The Eze Nri managed trade and diplomacy on behalf of the Nri people – a subgroup of the Igbo-speaking people – and possessed divine authority in religious matters. The Kingdom was a haven where enslaved persons could be set free from bondage and a refuge for persons who had been rejected in their own communities.
The Nri Kingdom, unlike many other economies of the period, did not indulge in human enslavement or trade. Certain parts of the Kingdom, did not recognize enslavement and served as a sanctuary. After the selection of the tenth Eze Nri, any enslaved person who set foot on Nri soil was considered free.
The Eze Nri obtained allegiance not by coercion but through ritual oath.

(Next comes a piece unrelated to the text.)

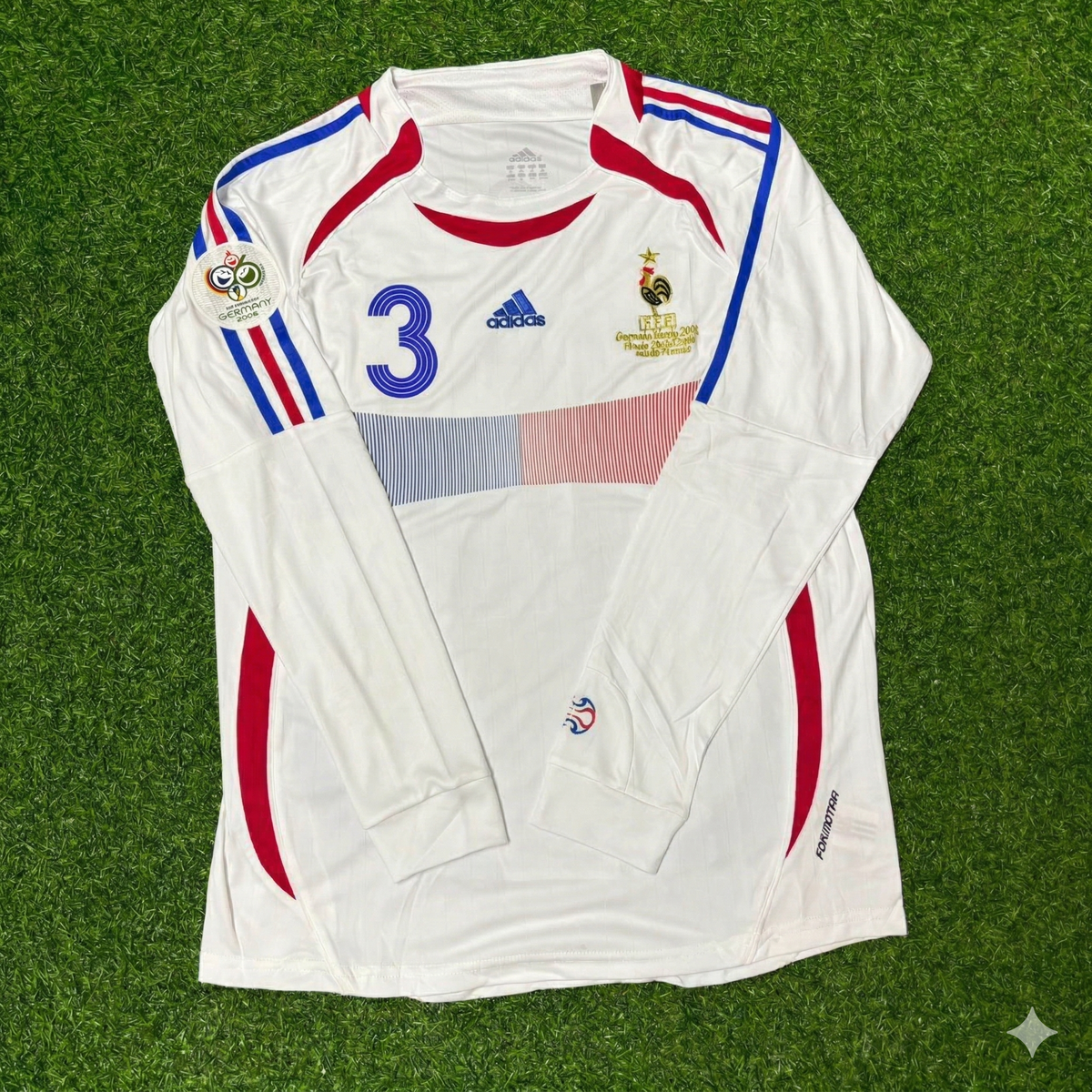 2006 France World Cup Eric Abidal Final Long Sleeve White Retro Kit – Front View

Religious authority was vested in the local ruler and ties were maintained and extended by traveling mbùríchi, or converts, to other settlements. In this way, Nri influence was taken beyond the nuclear northern Igbo region to Igbo settlements on the west bank of the Niger River, by the late 16th century.
The Kingdom of Nri was a theocratic polity that developed in the central heartland of the Igbo region. The people within the Nri-related areas were said to be committed to peace for many centuries. This religious pacifism was rooted in a belief that violence was an abomination which polluted the earth. Nri believed in cleansing and purifying the earth (a supernatural force to Nri called Ana and Ajana) of human abominations and crimes.
The Eze Nri could declare a form of excommunication from the odinani Nri against those who violated specific taboos. Members of the Ikénga could isolate entire communities through this form of ritual sanction.
Igbo-Ukwu artifacts are one of the better-known remnants of the Nri culture which permanently influenced the northern and western Igbo, especially through religion. Igbo-Ukwu bronzes have been compared to those of Ife and Benin. They come from a different tradition, however, and are associated with the Eze Nri by descendants of Eri.
Nri’s cultural tradition was based on the concepts of peace, truth and harmony. This culture was disseminated through the ritualistic Ozo traders who maintained Nri influence by traveling and spreading Nri practices – such as the ìkénga which represents a personal embodiment of human endeavor, achievement, success and victory – to other communities.
The Eze Nri used the Igu Aro festival (counting of the year) as a royal ritual to maintain his influence over the communities under his authority. Eri, the sky being, revealed the opportunity of time to the Igbo, who would use the days for exchanging goods and knowledge. The festival was seen as a time of peace on which certain activities and unnecessary noise were prohibited.
The British Army forced the reigning Eze Nri to renounce the ritual power of the religion – the ìkénga – ending the Kingdom of Nri as a political power in 1911.